CONTRATTI DI PROSSIMITÀ: NORMATIVA E PERIMETRO APPLICATIVO

In deroga alle disposizione di legge e alle previsioni dei contratti collettivi, dal 2011 è possibile stipulare accordi di prossimità territoriali o aziendali al fine di perseguire uno degli obiettivi stabiliti nell’articolo 8 del decreto legislativo 138/2011, ossia: a) maggiore occupazione; b) qualità dei contratti di lavoro; c) adozione di forme di partecipazione dei lavoratori; d) emersione del lavoro irregolare; e) incrementi di competitività e di salario; f) gestione delle crisi aziendali e occupazionali; g) agli investimenti e all’avvio di nuove attività.

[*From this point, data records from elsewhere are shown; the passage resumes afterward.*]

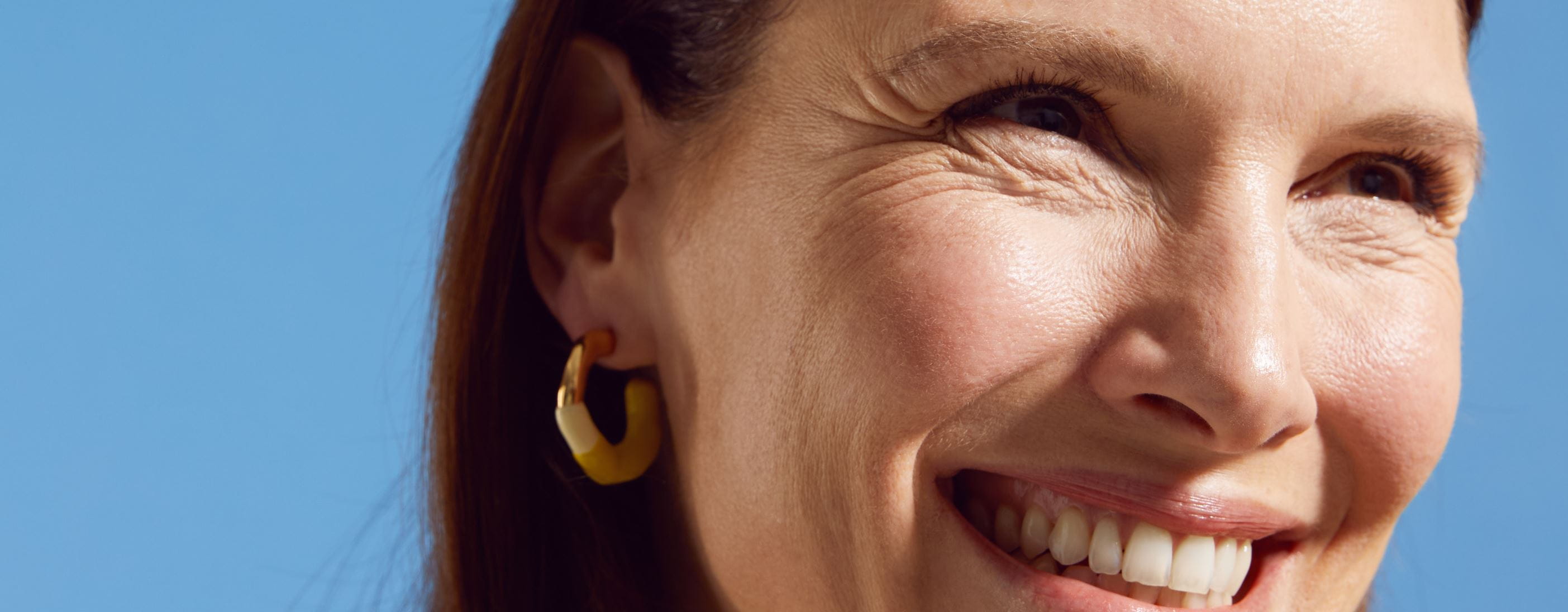 asiatisk flicka som står i ett grönt fält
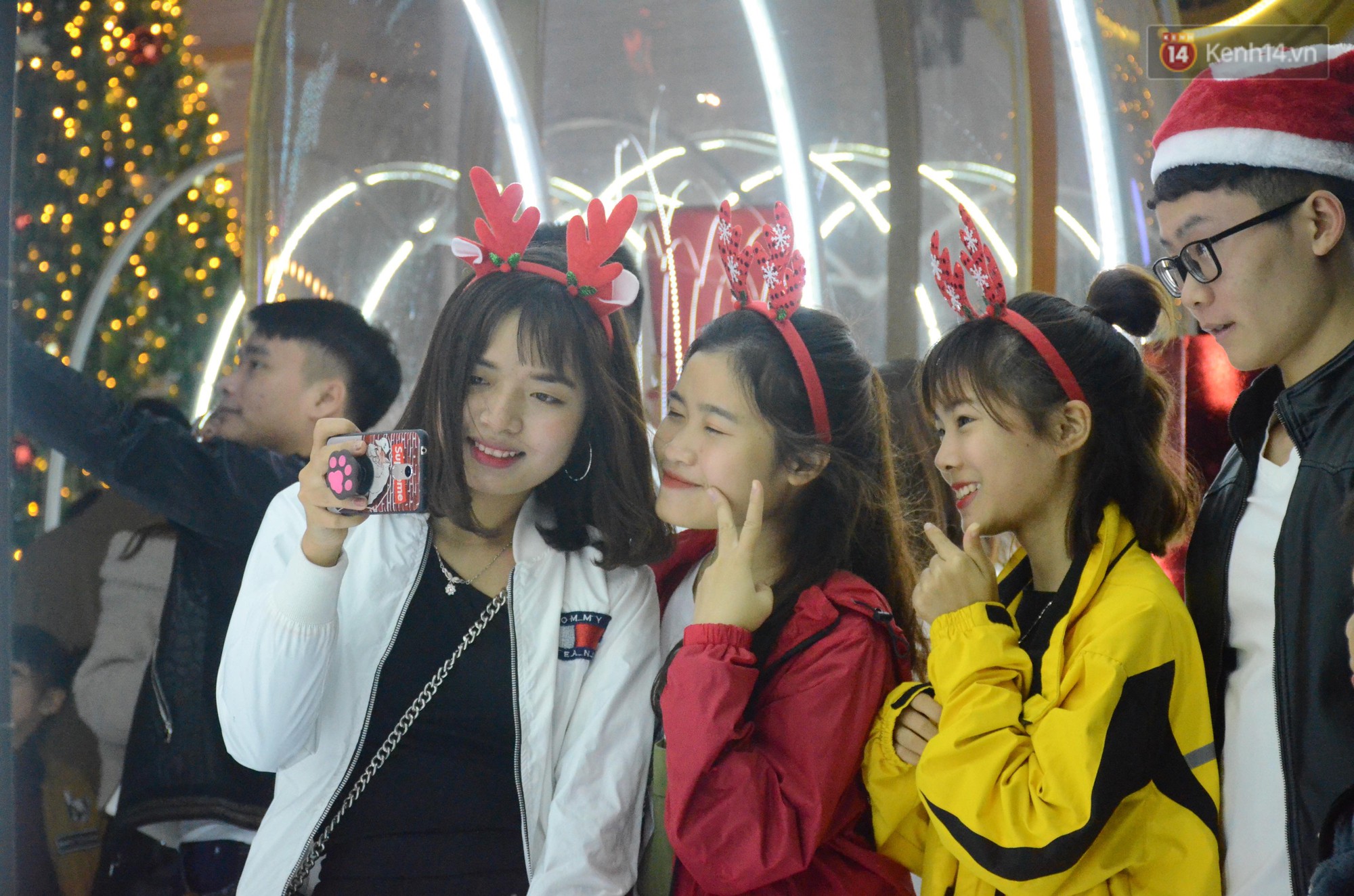Người dân Hà Nội, Sài Gòn và Đà Nẵng nô nức xuống đường, khắp phố phường khoác lên mình tấm áo Giáng sinh đầy màu sắc - Ảnh 4. Người dân Hà Nội, Sài Gòn và Đà Nẵng nô nức xuống đường, khắp phố phường khoác lên mình tấm áo Giáng sinh đầy màu sắc - Ảnh 4.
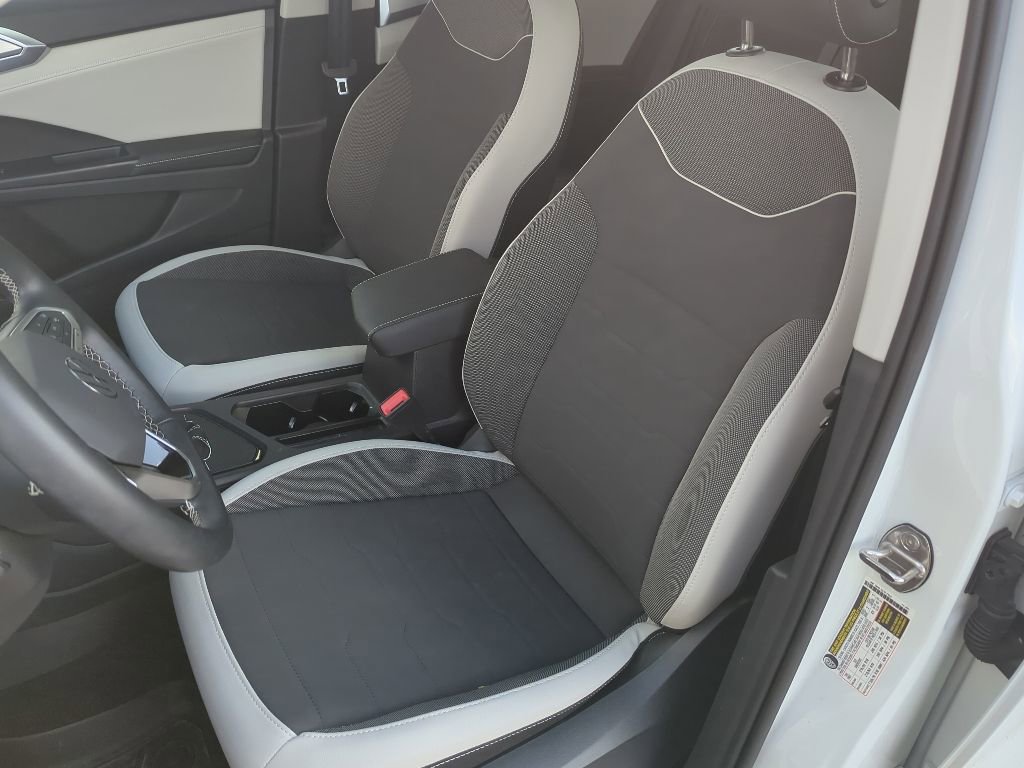 Used 2025 Volkswagen Taos SE w/ Panoramic Sunroof Package FWD image 5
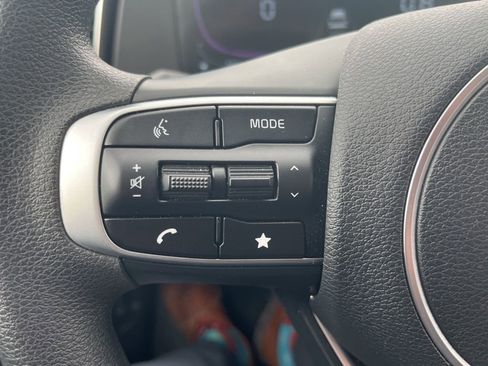 Certified 2025 Kia Sportage LX image 22
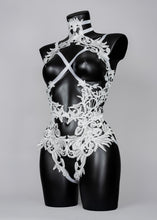 Cargar imagen en el visor de la galería, ATHALIA DOVE - Baroque Ivory Lace Bodycage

La norma stabilisce un perimetro chiaro in cui le organizzazioni sindacali possono operare. Infatti, gli accordi possono riguardare esclusivamente:
a) agli impianti audiovisivi e alla introduzione di nuove tecnologie;
b) alle mansioni del lavoratore, alla classificazione e inquadramento del personale;
c) ai contratti a termine, ai contratti a orario ridotto, modulato o flessibile, al regime della solidarietà negli appalti e ai casi di ricorso alla somministrazione di lavoro;
d) alla disciplina dell’orario di lavoro;
e) alle modalità di assunzione e disciplina del rapporto di lavoro;
La norma è volta a concedere una elasticità maggiore alla contrattazione vicina alle realtà aziendali, che per i più disparati motivi si trovano in condizioni tali per cui la particolarità del settore o le difficoltà organizzative necessitano di accordi ad hoc relativi a fattispecie già disciplinate dalla legge o dal CCNL applicato.

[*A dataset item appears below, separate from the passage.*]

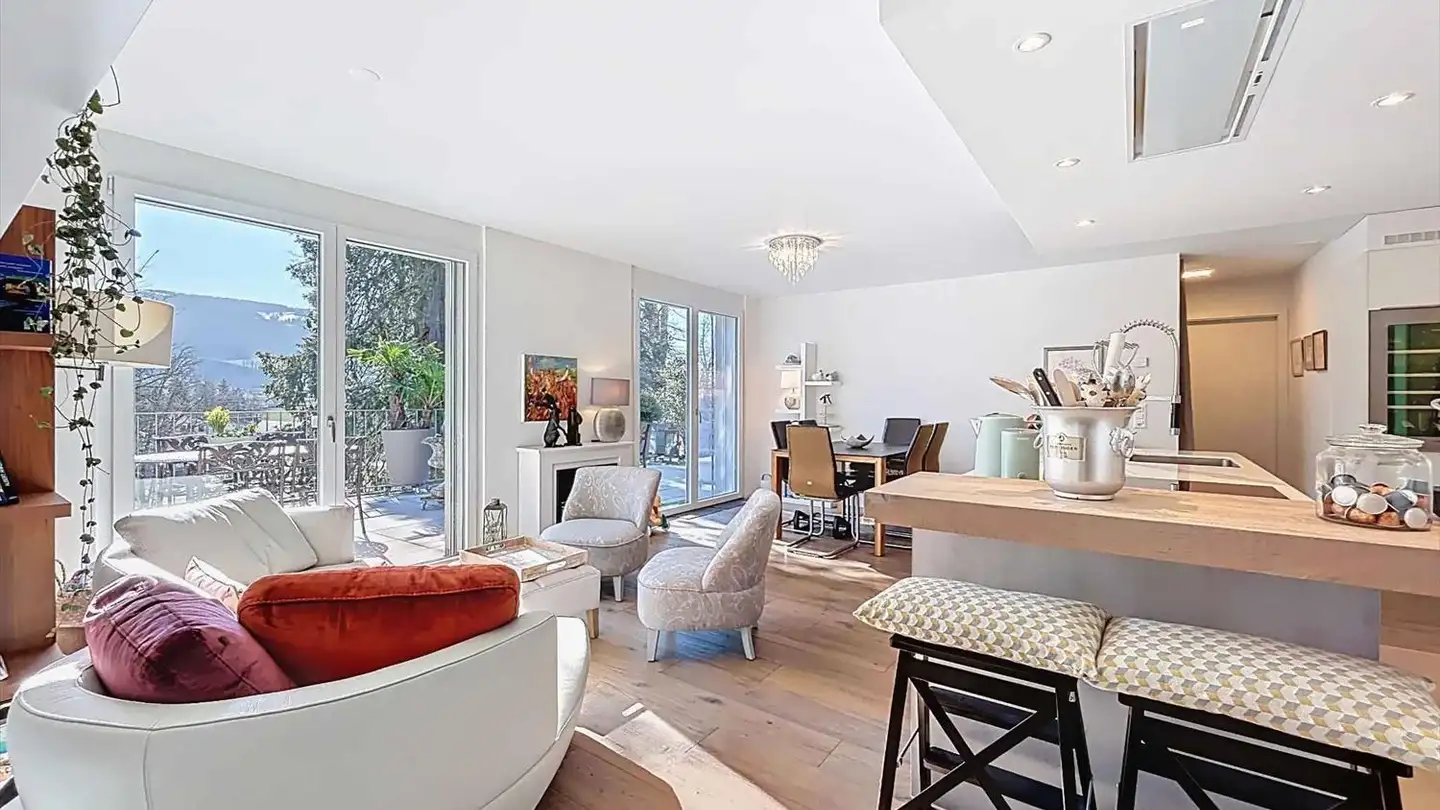 Appartamento in vendita - La Verrerie, 1624 La Verrerie - Photo 2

Come ha chiarito la Corte costituzionale nella sentenza 52/2023, se l’accordo è firmato da una sola sigla sindacale, non produce i suoi effetti, non essendo soddisfatto il principio di effettiva rappresentatività della maggioranza dei lavoratori.
Inoltre, specifica la Corte, che l’accordo deve essere stipulato da associazioni dei lavoratori comparativamente più rappresentative sul piano nazionale o territoriale ovvero dalle loro rappresentanze sindacali operanti in azienda, nozione questa ben diversa da quella di “sindacato maggiormente rappresentativo”.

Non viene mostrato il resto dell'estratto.